IRONSTAND v PRIOR, 2021 ABQB 267

MICHALSHYN J

10.33: Court considerations in making costs award

Case Summary

This was an Application for Costs following the Respondent's non-appearance and the Applicant's partial success at an oral Emergency Protection Order (“EPO”) hearing. At the EPO hearing, the Applicant sought to confirm a previously ordered EPO and add a child to the EPO. The Respondent’s absence was not explained but was found not to be frivolous or otherwise an abuse of the Court's process. Though the Applicant was successful in confirming the EPO, she was not successful in adding the child to the EPO. Later, the Applicant sought Costs pursuant to Schedule C for various steps taken. The Court dismissed the Application for Costs.

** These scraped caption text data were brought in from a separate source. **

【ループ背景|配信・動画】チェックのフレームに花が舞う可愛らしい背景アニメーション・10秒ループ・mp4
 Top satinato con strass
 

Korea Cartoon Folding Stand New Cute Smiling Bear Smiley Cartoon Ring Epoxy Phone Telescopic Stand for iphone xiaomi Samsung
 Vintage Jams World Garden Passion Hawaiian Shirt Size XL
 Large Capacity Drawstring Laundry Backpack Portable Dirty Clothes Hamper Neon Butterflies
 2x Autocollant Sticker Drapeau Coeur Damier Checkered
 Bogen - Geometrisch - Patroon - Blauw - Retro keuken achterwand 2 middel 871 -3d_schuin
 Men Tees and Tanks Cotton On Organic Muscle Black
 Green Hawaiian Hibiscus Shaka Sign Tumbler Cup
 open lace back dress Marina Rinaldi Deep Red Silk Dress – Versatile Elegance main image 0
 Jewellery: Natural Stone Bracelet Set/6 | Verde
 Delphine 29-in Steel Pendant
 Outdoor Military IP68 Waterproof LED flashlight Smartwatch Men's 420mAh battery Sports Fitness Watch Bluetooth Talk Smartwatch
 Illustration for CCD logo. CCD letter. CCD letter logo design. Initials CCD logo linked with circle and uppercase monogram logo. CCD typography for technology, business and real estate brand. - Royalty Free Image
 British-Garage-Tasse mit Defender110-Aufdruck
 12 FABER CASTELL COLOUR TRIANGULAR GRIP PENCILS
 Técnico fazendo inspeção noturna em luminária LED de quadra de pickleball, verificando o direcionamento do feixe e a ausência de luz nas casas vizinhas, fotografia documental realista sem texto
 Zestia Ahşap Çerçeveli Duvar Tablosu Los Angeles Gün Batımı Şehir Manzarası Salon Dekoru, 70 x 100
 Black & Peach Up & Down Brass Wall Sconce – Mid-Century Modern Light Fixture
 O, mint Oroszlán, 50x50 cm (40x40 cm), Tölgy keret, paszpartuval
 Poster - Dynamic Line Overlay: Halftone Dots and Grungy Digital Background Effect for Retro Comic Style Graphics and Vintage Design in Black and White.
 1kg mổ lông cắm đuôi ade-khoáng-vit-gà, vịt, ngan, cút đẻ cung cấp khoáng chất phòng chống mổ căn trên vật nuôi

In denying the Application for Costs, the Court considered case law indicating that the award of Costs is generally inappropriate in the context of Applications to seek or confirm EPOs. The Court explained that this limitation may be seen, generally, as being of benefit to prospective Applicants. An Applicant should not need to worry about the potential for an adverse Costs Award in seeking an EPO. As a corollary, the Court held that equity demanded that Costs Awards not be granted against unsuccessful, or partially unsuccessful, Respondents. Among other authorities, the Court cited its earlier Decision in Denis v Palmer, 2016 ABQB 54, wherein it was held, pursuant to Rule 10.33, that Decisions as to Costs Awards must take into account the importance of the issues in light of applicable legislation. Here, the pressing objectives of the Protection Against Family Violence Act, RSA 2000, c P-27 indicated that it would be inappropriate to limit vulnerable Applicants’ access to EPOs on the basis of concerns relating to adverse Costs Awards, and similarly inappropriate to impose Costs on an unsuccessful Respondent.